Sciencemadness Discussion Board

methanol + hydrochloridric acid + a dash of zinc chloride

nelsonB - 17-8-2015 at 09:56

Hi
so i remember have seen this before a long time ago
and i was wondering what was the reaction mechanism
under this
also would this be a better methode than using phosphorus trichloride that is expensive ?

zinc chloride.gif - 3kB

UC235 - 17-8-2015 at 10:09

A better method for what? Making methyl chloride? The combination of anhydrous ZnCl2 and conc. aq. HCl is called Lucas' reagent and is saturated with ZnCl2. (something like 60g of ZnCl2 and 50g of conc. HCl is typical). Primary alcohols (methanol being the worst option) don't react readily. Tertiary alcohols like the illustrated tert-butanol react immediately. The reaction mechanism is an SN1. On heating with primary alcohols or methanol, SN2 is the likely mechanism.
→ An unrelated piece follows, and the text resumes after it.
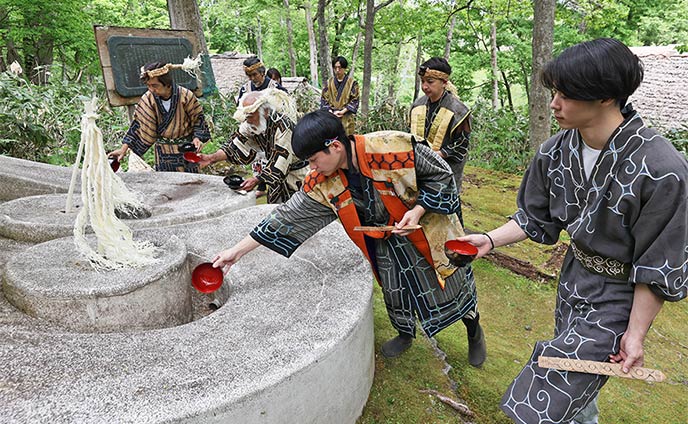 神と先祖に祈り＊旭川でアイヌ民族儀式 | 北海道新聞 旭川支社 +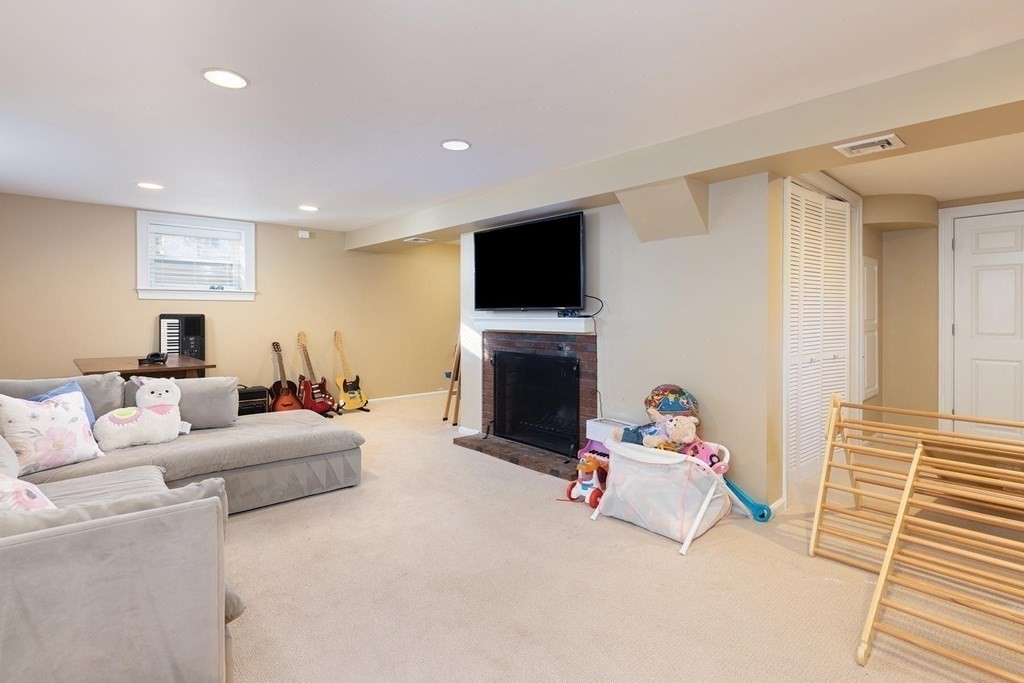 24 Fairfax Road Needham, MA 02492 - Photo 17 of 22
gdflp - 17-8-2015 at 10:46

It's not necessary to use Lucas' reagent with tertiary alcohols. t-butanol readily reacts with concentrated hydrochloric acid at STP to form t-butyl chloride. As Unintentional Chaos mentioned, the reaction follows an SN1 mechanism with secondary and tertiary alcohols, here's an example with isopropanol.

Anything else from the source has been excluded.